A Brief History of Surgery

old operating theater

The Old Operating Theater - St. Thomas' Hospital, London


Surgery, the process of opening the human body to repair an anatomic problem, really dates back to prehistory, to pre-humans in fact. There is forensic evidence that the Neandertals performed trephination, opening the skull to relieve the pressure of brain swelling from a head injury. This neolithic procedure is still performed today, though now we call it "creating a burr hole" to provide access to the brain.

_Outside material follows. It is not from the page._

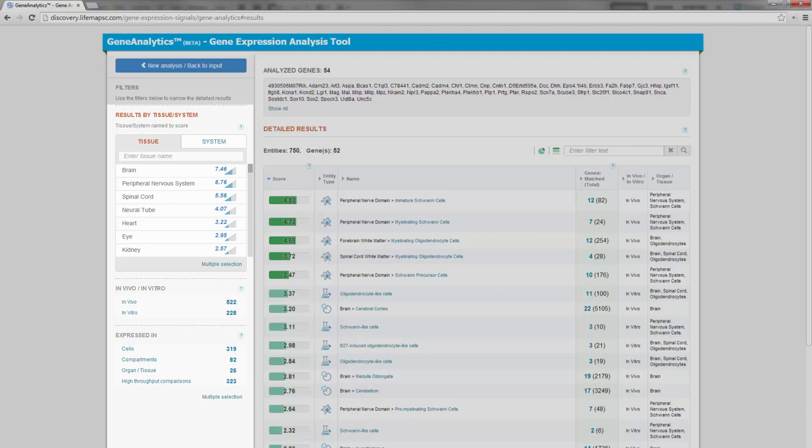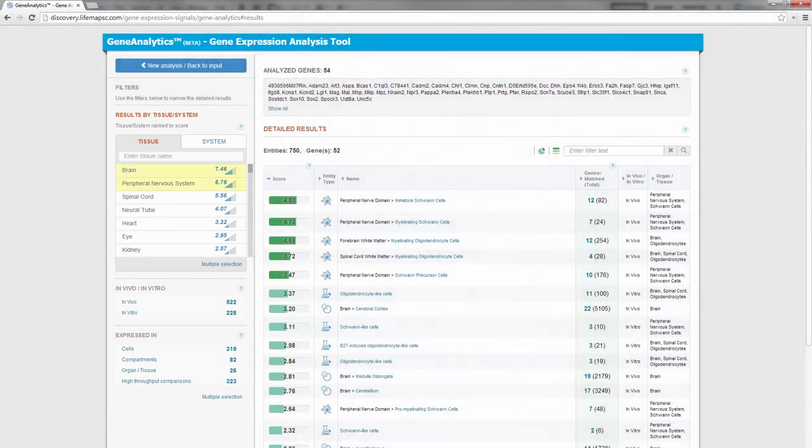Surprisingly, we see that the best matched tissues to our gene set are the brain and peripheral nervous systems, and not the dermis as we would expect. This suggests that the isolated cells are not a pure dermal population.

Given the eternal existance of trauma, being bitten, falling off a pyramid, etc…Surgery could be said to have existed eternally. A simple drainage of an abscess or the setting of a bone are surgical procedures. Medical practice, adjusting physiology through medications, or incantations or diet and lifestyle changes is far younger. Since I am a surgeon, I am partial to the philosophy, "a chance to cut is a chance to cure," but surgeons as a rule begin to get into trouble when they start trying to alter physiology by changing anatomy - an example is "weight loss surgery" which creates weight loss by bypassing the intestines from food, creating weight loss through malnutrition - in fact no living person has ever suffered from too large a stomach or too long an intestine. The simple fact is that we have not yet found a medical way to alter the physiology of weight. But we will, and what then of the people who are malnourished from irreversable operations bypassing their intestines?

But I digress…

A remarkable amount of surgical knowledge and practice was lost in the medieval era by simple ignorance. The Romans fixed hernias - they would get a patient drunk, then push a hot poker into the hernia and groin. This would create a scar that would heal the hernia and prevent recurrence. Granted you would not want this, a third of patients died from the surgery, but only a third or so of those who survived had the hernia come back again. And think how large that hernia would have had to have been to submit to such a procedure. St. Benedict decreed that his monasteries should care for the sick, but only through prayer, and forbade the study of medicine.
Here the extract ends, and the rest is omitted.